What the task asks
Only an exact copy of every record counts as an answer.

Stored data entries
####################

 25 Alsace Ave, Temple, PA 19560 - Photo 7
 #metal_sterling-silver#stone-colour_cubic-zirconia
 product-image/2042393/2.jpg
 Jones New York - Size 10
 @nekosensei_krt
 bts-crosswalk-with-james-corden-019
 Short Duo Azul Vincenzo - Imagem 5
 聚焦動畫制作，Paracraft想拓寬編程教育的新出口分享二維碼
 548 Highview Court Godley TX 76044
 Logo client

####################

Result of the task
 25 Alsace Ave, Temple, PA 19560 - Photo 7
 #metal_sterling-silver#stone-colour_cubic-zirconia
 product-image/2042393/2.jpg
 Jones New York - Size 10
 @nekosensei_krt
 bts-crosswalk-with-james-corden-019
 Short Duo Azul Vincenzo - Imagem 5
 聚焦動畫制作，Paracraft想拓寬編程教育的新出口分享二維碼
 548 Highview Court Godley TX 76044
 Logo client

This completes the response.